La pregunta

“Allí donde se queman libros, se termina quemando a los hombres”. 
Heinrich Heine


El maestro y su corbata azul, al frente de todos nosotros, indefenso y pletórico de dudas, cuenta una historia, la de la biblioteca de Sarajevo incendiada durante la guerra de Bosnia. Al quemarla, dice, los serbios querían terminar con todo rastro de pasado musulmán. Como si bastara quemar libros para extirparse mundos. Hombres al inicio y al fin. Luego, el maestro y su corbata azul, como huyendo sobre el caballo desbocado de todos los perseguidos de la historia, arroja sobre nosotros,  cansado, la  pregunta: ¿Por qué suceden atropellos así?

Como hombre postrado bajo la espada vengadora de los hombres, el maestro  pregunta inútilmente a sus alumnos. Nosotros, rifles, guillotinas y cañones, no tenemos respuesta. No nos interesa. Hoy sólo acudíamos inocentes al aula en donde la historia nos sería entregada para repetirla. La pregunta nos sorprende con su locuaz impertinencia, con su sinsentido. Hemos venido para ser ingenieros y chefs y abogados y comunicólogos. No queremos saber de quienes hemos sido.
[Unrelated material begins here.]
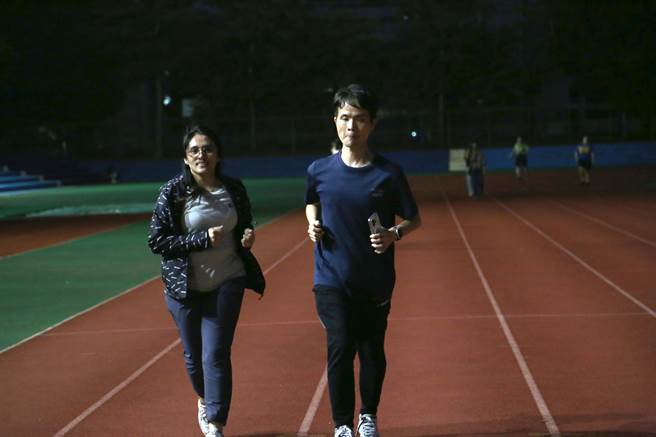 花莲门诺医院癌症中心团队得知有癌友要参加马拉松赛事，便启动陪跑训练，抽出下班时间和他一起暖身、练习，更共同参加赛事，盼能藉此鼓励更多罹癌病患培养运动兴趣。（花莲门诺医院提供／罗亦晽花莲传真）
La pregunta flota en el aire como la pluma de un pájaro que se extingue. Rebotan en las paredes todas las épocas del hombre y las miles de formas que han adoptado su crueldad y su torpeza. Primero como el susurro de un secreto y luego como truenos, se escucha el crujir de cuerpos y libros en hogueras. De a poco, comienzan a llover corazones frescos de sacrificios aztecas. El salón se llena de humo, huele a los papiros de Alejandría incendiándose mezclados con códices mayas y libros judíos y pinturas y discos. Una voz, que es todas las voces de todos los generales del mundo, dice: fuego. Pasan por el pizarrón  columnas infinitas de africanos huyendo de la muerte de la guerra hacia la muerte del hambre, luego aparecen aviones dando a luz bombas y luego el rostro pulido de millonarios y princesas en sus yates. Cruza Cleopatra de la mano de Buda. Nuestros rostros se tornan en animales, leones, aves, ballenas y serpientes que miran serenos cómo se estrechan las paredes. Detrás de esas paredes, se percibe algo similar a otras praderas, con otros tonos para el sol y campos de espigas azules. Una gran bomba de neutrones nace al centro de todos como una fogata, como propia hoguera.  Nos extinguimos, pero no hay respuesta, nadie de nosotros levanta la mano. Sólo el eco de un silencio milenario suena y suena. ¿Habrá registro en el universo de una torpeza semejante? O quizá sea, que el resto de seres del universo, más crueles que nosotros,  nos dejan solos en la agonía para que escarmienten otros universos, o quizá estemos solos y seamos la demostración de que ningún universo es posible. El maestro espera sudoroso, busca con mirada infantil quien aventure algo. Se desnuda desesperado para encontrar la respuesta.  Su ropa cae junto a todas las ruinas que quedan en el salón. Se arranca como plátano trozos largos de su piel. ¡Vean! –dice- ¡aquí hay una pista! no hay blancos, ni amarillos, ni negros. ¡Todos somos rojos! Busca en sus entrañas un resquicio no descubierto por la ciencia que guarde una bolsa de veneno. No encuentra y llora, por nada, llora. Abraza a sus hijos y nos abraza a todos. Nuestro silencio, al fin, piadosamente, le acaricia la cabeza y le acuchilla suavemente por la espalda.

Todo eso pasa, quizá como respuesta. El salón vuelve a ser lo que era. Los libros, continúan ardiendo en otro lado. El maestro se acomoda la corbata azul y dice: Abran su libro en la página 56.